You know the feeling when your imagination takes you to a place or with a thing you want very badly? It’s always a different scenario but each of them hinge on your deepest, innermost desires.
Only as quickly as your mind goes there and imagines it enough for you to squint at possibility, the harshness of what and where you contrastingly are looks like a cartoon-exaggerated gap made for falling into.
It feels like getting a too-sweet whole milk drink at the coffee shop you never visit. Everything in you lighting up with the bliss that sugar brings then remembering that you don’t drink whole milk and the reason you never come to this coffee shop is because you always forget to say that. Like you tasting a semblance of what hope’d look like only to remember hope doesn’t typically work out for you. Stomach churning.
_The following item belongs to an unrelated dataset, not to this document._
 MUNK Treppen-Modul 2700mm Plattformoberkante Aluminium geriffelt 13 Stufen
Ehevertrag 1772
Maybe it’s reached the point where hope in simple imagination is stomach churning because you can’t believe any of it possible.
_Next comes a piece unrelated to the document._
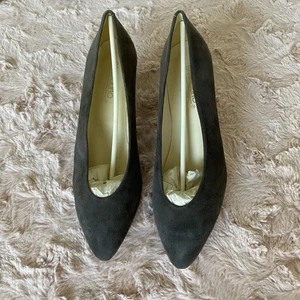 Bandolino Damen grau Wildleder Pfennigabsatz Größe 9M kokett Retro Italien - Bild 1 von 11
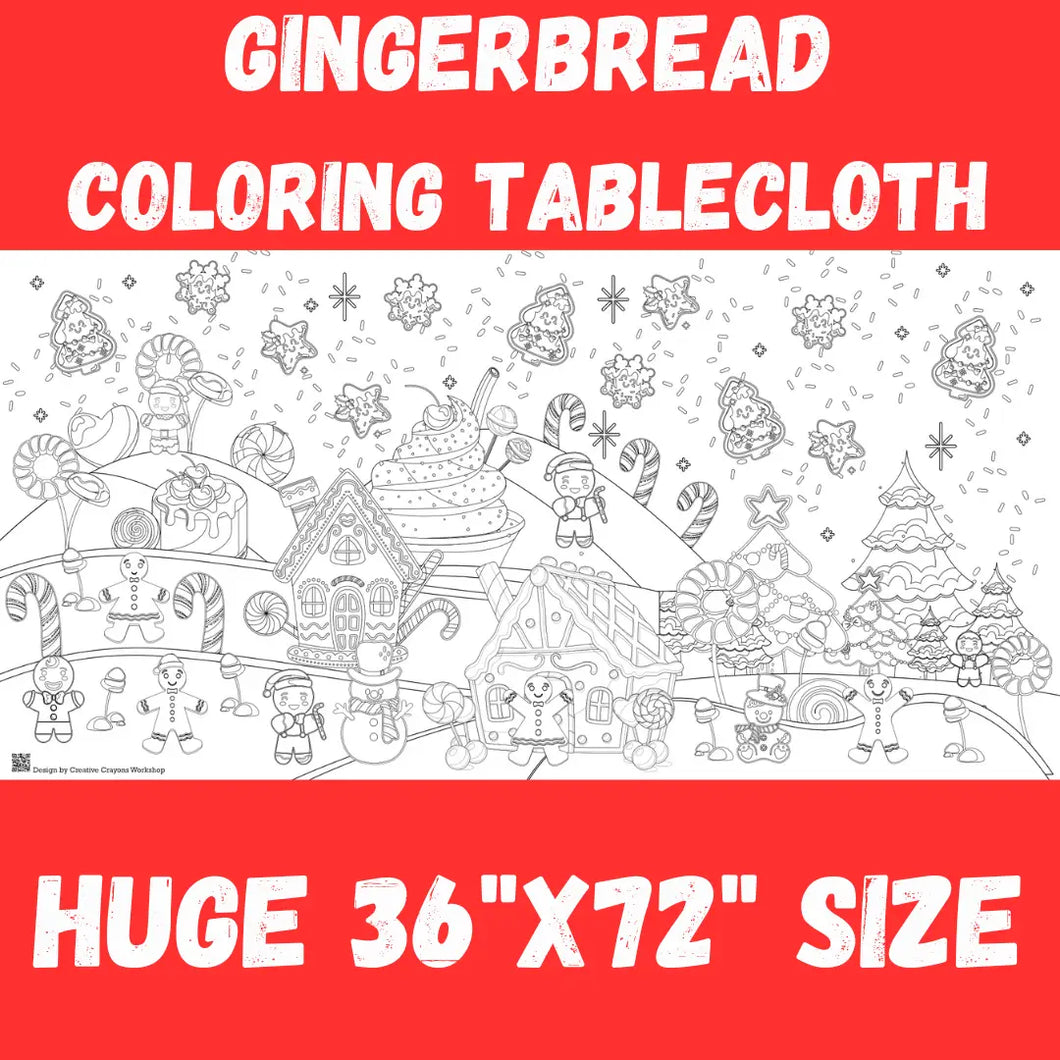 Gingerbread Christmas Coloring Tablecloth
This is why I’m avowing myself to delusion.
Although reality sits across the spectrum of delusion, what is reality but a deluded thought come to life?
Electricity, peanut butter, television, considering slavery bad — all things that at one point many people thought delusional. And look at us now. The world loves peanut butter.
I reckon each time stomach-churning denial of better attempts to cramp me, I instead delusionally accept all that I daydream will happen, is true, is in effect, and is mine.
It’s hard though - untangling long-tied knots of brutal realism. But realism hasn’t worked. It offers early-wrinkles, non-genetically related early grey hair, and IBS. Realism is the cousin that went into accounting but Delusion is the cousin who went into risky but albeit profitable pyramid schemes. The ride to the airport from Delusion has some concerning pit stops but proves a memorable adventure.
A few years back someone expressed their want for a car to me in an impatient groan. I surpised myself in saying, whatever you want has always been and is already yours. You just don’t have it yet. Those words, succinct and sure, coming from a different voice as if I was speaking to another but those words were impinging for us us both.
I’m choosing delusion.
I’m choosing to believe that every joyful imagining entering my mind is a confirmation to my ownership of it. The want of every “it” gives butterflies as what is touches what is to come.
By rejecting “it” time and time again, I send my body, my spirit, and the present reality around me the message that I do not want it when it’s actually all I want.
Call it faith, call it hope, call it optimism.
Whatever it is, the cheeriest people I know are delusional. And when everything is wrong somehow they’re still happy.